In his groundbreaking classic The Karma of Brown Folk, Prashad evaluated the American stereotype of South Asians as a "model minority." In Uncle Swami, Prashad follows up and expands upon this analysis to explore South Asian American history and identity in the wake of shifting cultural attitudes wrought by 9/11.
Uncle Swami traces the distinct strands of South Asian migration in America through generations and class divisions, from the first organizations of immigrant communities to the rising influence of the India Lobby in Washington to post-9/11 assaults against people mistaken as terrorists.

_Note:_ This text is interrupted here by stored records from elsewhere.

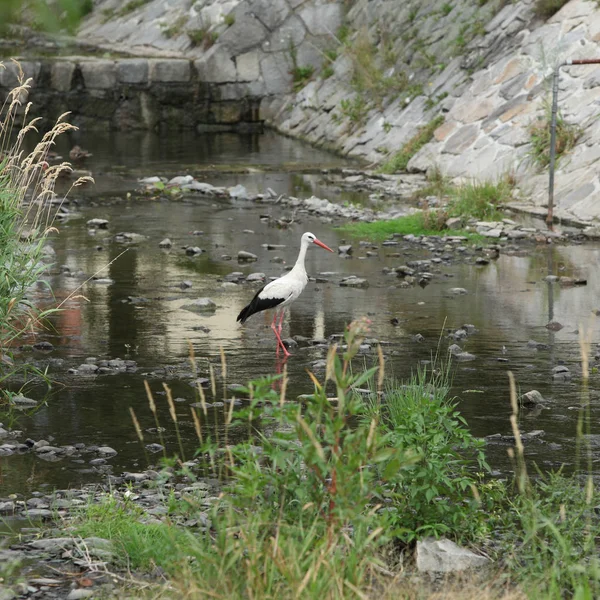 Schöner Europäischer Storch Auf Nahrungssuche Fluss — Stockfoto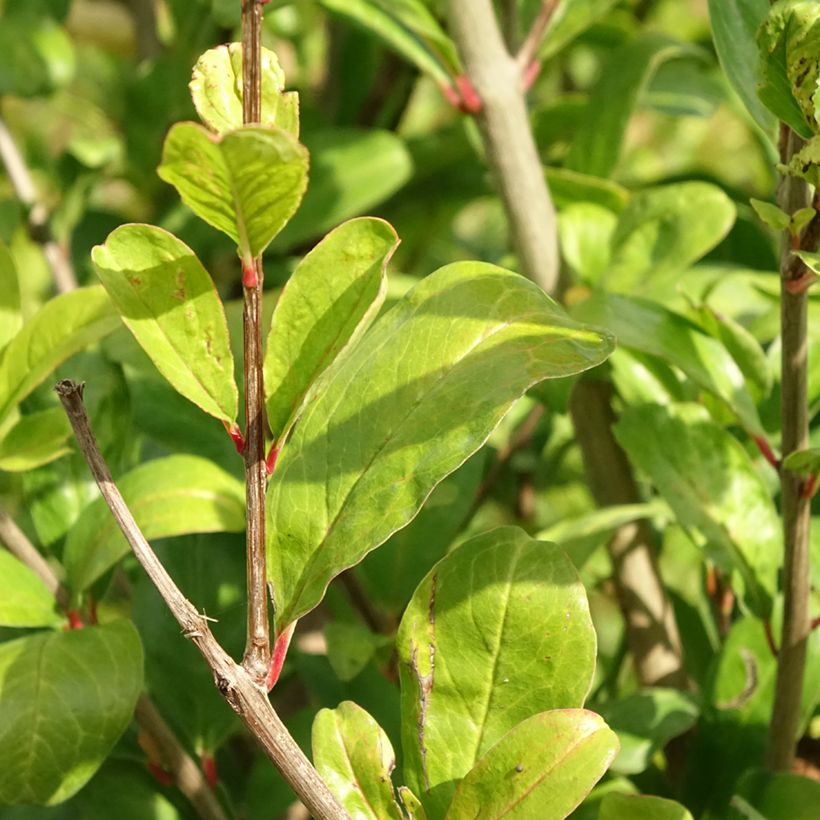 Grenadier à fruits - Punica granatum Acco (Foliage)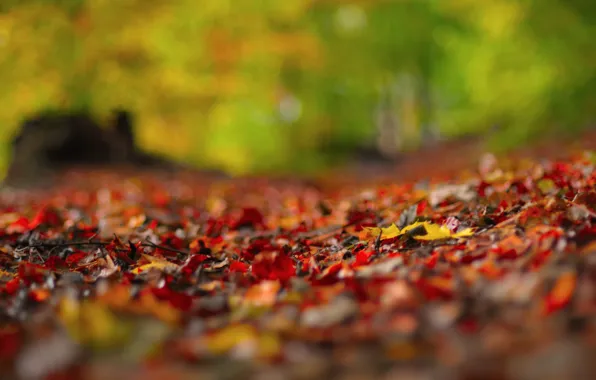 Картинка осень, макро, блики, листва, розмытость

Within hours of the attacks on the World Trade Center, misdirected assaults on Sikhs and other South Asians flared in communities across the nation, serving as harbingers of a more suspicious, less discerning, and increasingly fearful worldview that would drastically change ideas of belonging and acceptance in America.It's an insightful, thoughtful book, written with Prashad's trademark wit and passion. For further information about the book, visit The New Press website. You can also follow Vijay Prashad on Twitter.
Weaving together distinct strands of recent South Asian immigration to the United States, Uncle Swami creates a richly textured discussion of a diverse and dynamic people whose identities are all too often lumped together, glossed over, or simply misunderstood. Continuing the conversation sparked by his celebrated work The Karma of Brown Folk, Prashad confronts the experience of migration across an expanse of generations and class divisions, from the birth of political activism among second-generation immigrants and the meteoric rise of South Asian American politicians in Republican circles to migrant workers, who are at the mercy of the vicissitudes of the American free market.
A powerful new indictment of cultural and racial politics in America at the dawn of the twenty-first century, Uncle Swami restores a diasporic community to its full-fledged complexity, beyond both model minorities and the specters of terrorism.